Friday, 14 September 2012

To Kill a Crow



http://thaileaguefootball.com/division-2/to-kill-a-crow-the-fall-rise-and-fall-of-nonthaburi-fc.html



It’s highly probable that over the next few weeks Muangthong United will clinch the 2012 TPL Title, sending a huge majority of football fans in Nonthaburi into jubilation that’s sure to be well covered by local sports media. An event that will receive far less coverage is the relegation and possible closure of Nonthaburi FC.
I briefly covered the fortunes of Nonthaburi “Eka” FC in my “Life Outside the TPL” article earlier this season. I explained how the club’s purse strings had been cut and forced staff to work on a sponsorship-only budget. To their credit the staff worked hard to do this honorably (unlike certain British clubs) and assembled a squad of dedicated, honest players. Sadly it was obvious within a few games of the season’s start that this bunch of lads would struggle. And struggle they did, assembling a paltry number of points by the halfway season. Our only silver lining was that at least two other clubs had managed to perform equally pitifully.

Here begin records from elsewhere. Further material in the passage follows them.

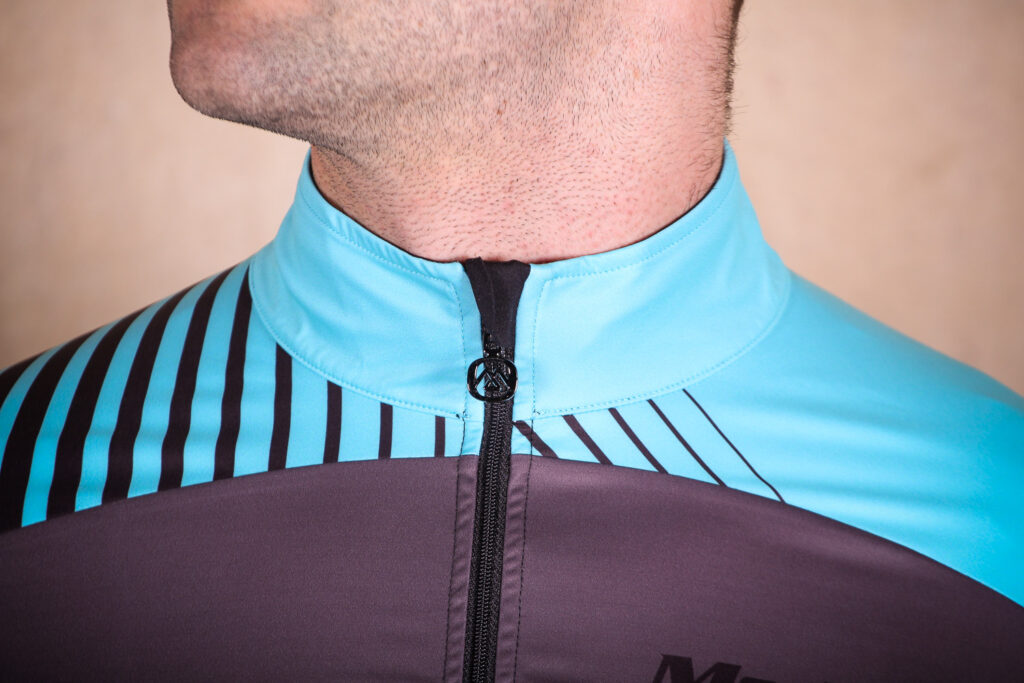 Monton Ghat Windbreaker Jacket – collar.jpg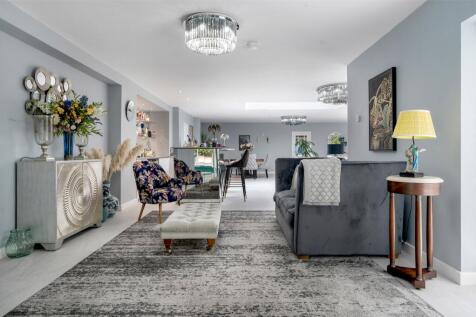 Family Room/Bar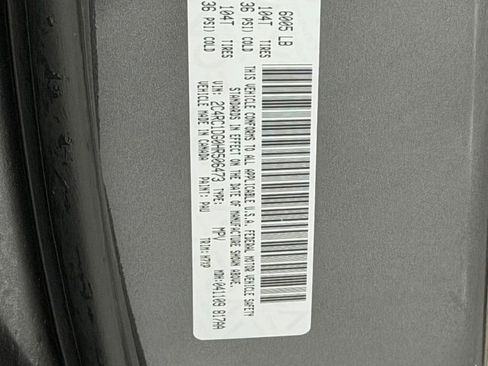 Used 2017 Chrysler Pacifica Touring image 27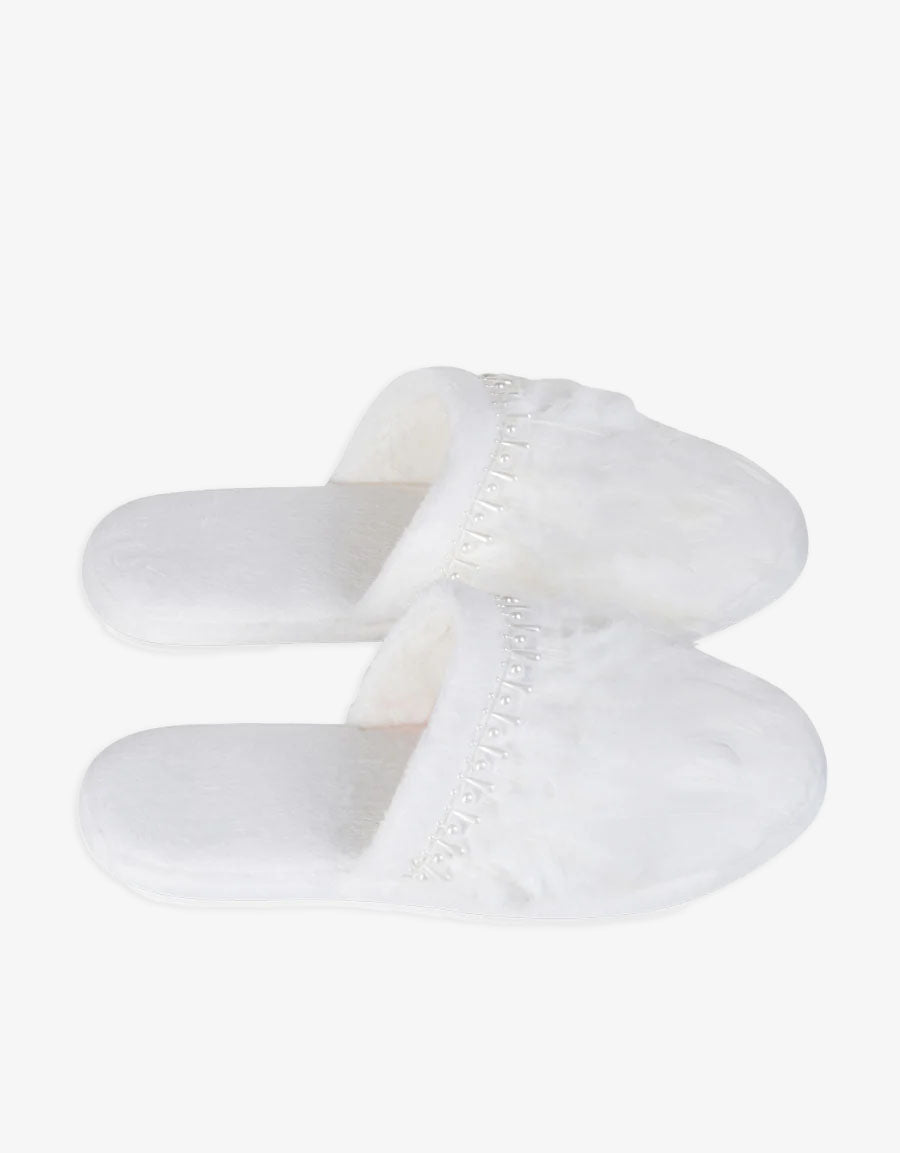 Ivory Closed Toe Slippers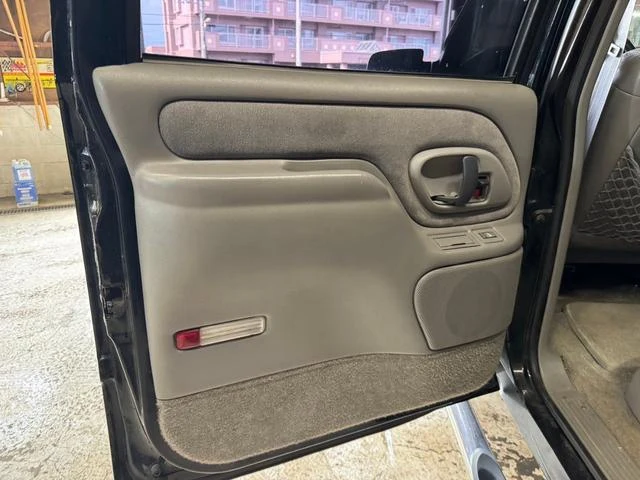 GMC SUBURBAN 14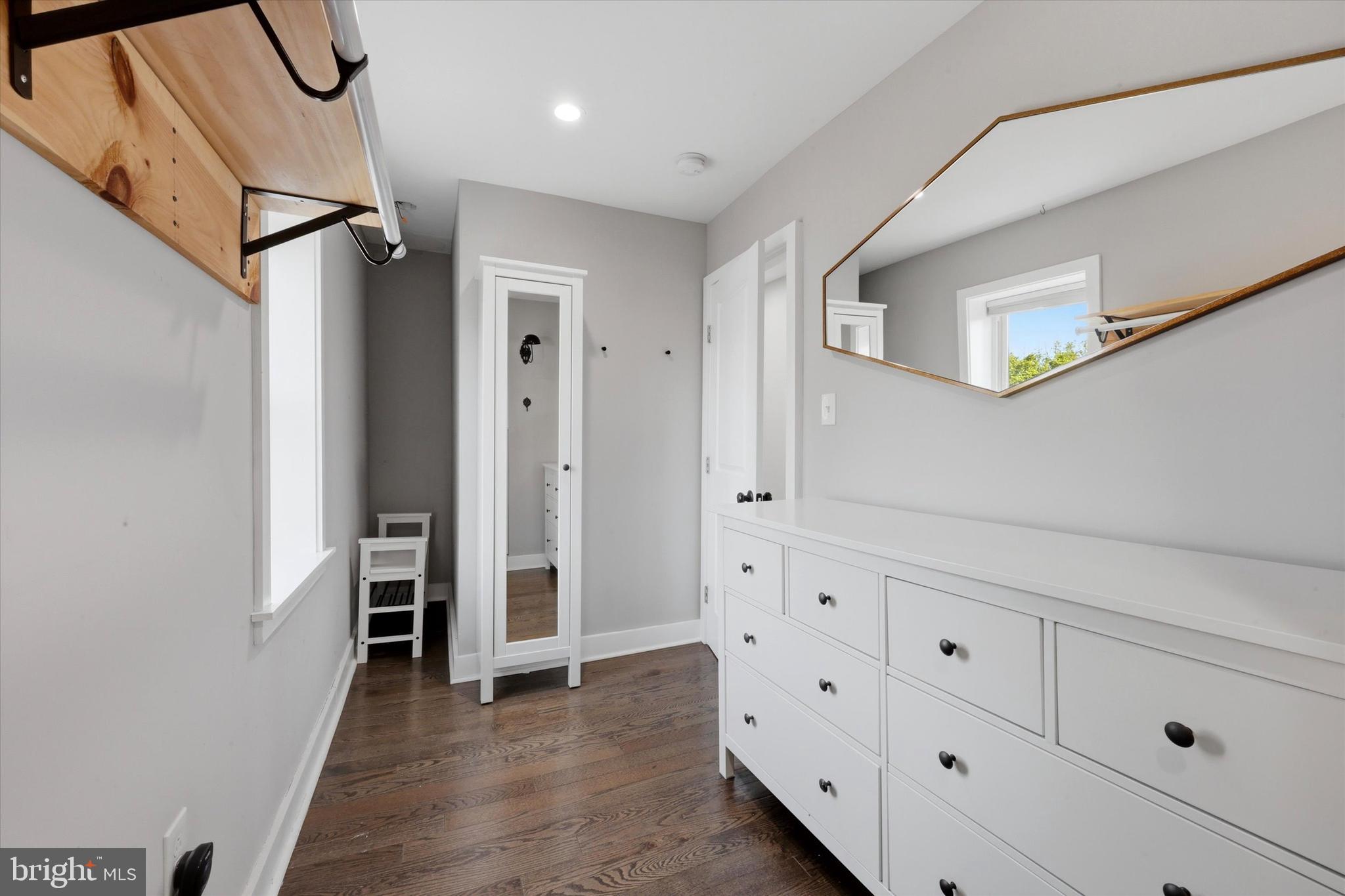 COBBS CREEK - Residential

To the immense credit of the club – and to my own cynical surprise – the staff didn’t simply turn a blind eye and let the club drift into the abyss but rather performed a few minor miracles in the transfer market, addressing many of our weak points as effectively as any side can do without cash to spare. A large target man – a player I’d been screaming for since the previous season – a midfield playmaker with excellent dribbling skills and the experienced former intentional defender Janewit (previously loaned out to Chiang Rai) were all drafted in to the side.

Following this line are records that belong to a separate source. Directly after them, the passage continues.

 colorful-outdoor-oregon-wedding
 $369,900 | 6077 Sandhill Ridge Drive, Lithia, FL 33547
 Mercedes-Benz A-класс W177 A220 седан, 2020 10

For a while it seemed like it had worked. The most remarkable game of the season occurred when we travelled to Samut Sakhon FC at a time when they sat atop the table while we sat at the bottom and achieved a well deserved 0 – 2 victory. It was a result so unexpected that one female fan was obliged to keep her promise of running around the pitch while removing her top after the final whistle. She did so, but with an opaque vest underneath.
From that boost we achieved a good run of results, mostly draws, that built confidence but failed to get us the results we needed to push up the table and close the sizable gap we’d already created. My only concern was that the gap was so steep that even a couple of slip- ups would throw us back to the bottom. And so it proved, the defensive lapses and lack of midfield control came back to haunt us and defeats became regular events again. The most recent home game was painful to watch and ultimately sealed the club’s relegation.
It’s not the first time I’ve felt the pain of the drop. I witnessed Southampton’s relegation from the Premier League several years ago and instantly burst into tears in front of my stunned son and wife. Not long after the club were relegated again, this time from the Championship after slipping into administration. The pain this time around was dulled by expectation and realism. The club was, at that time, in near-terminal decline. Nonthaburi’s fate feels closer to the second of my previous experiences. The writing was on the wall when the rich owner evidently realised there was more to overnight success in football than throwing a few wads of cash around and cut the strings.
However, what makes it all the more painful is the uncertainty. Anyone who knows anything about administration in Thai football or Thailand in general will tell you that nothing is certain or irreversible. The league can, and frequently does, reverse decisions about promotion, relegation and many other things. On paper, the current scenario – not confirmed by the league until well after the season started – is that two sides will be relegated from the Bangkok Division, meaning we are finished. With the obvious apathy from the owner of the club, it seems highly possible he will shut the doors on Nonthaburi’s seven year TPL plan for good. There has been no official comment yet.
The real losers then, are the fantastic group of supporters who have put so much emotional investment into the club since its formation just three years ago. The small but noisy, loyal and extremely friendly bunch who have followed the side home and away, created their own supporters group, fan club funds and run the club website after the people responsible grew tired of doing so. Will they simply dissolve and drift apart? Will they work to keep the original Nonthaburi FC alive and work to come back from the non- league sector? Will a new provincial club (Muangthong are not a provincial side) be formed? With just two games left in the season, nobody knows.
All we do know is that Nonthaburi has had a short but eventful history, missing out on the play-offs by the tiniest of margins in season one, setting out an ambitious but ultimately failed plan for last season and a hard-fought if utterly disastrous battle against relegation this season. Whatever happens from this day on, I’m proud to have been a supporter of the club from their first home league game to the last and I will continue to wear the shirt with pride.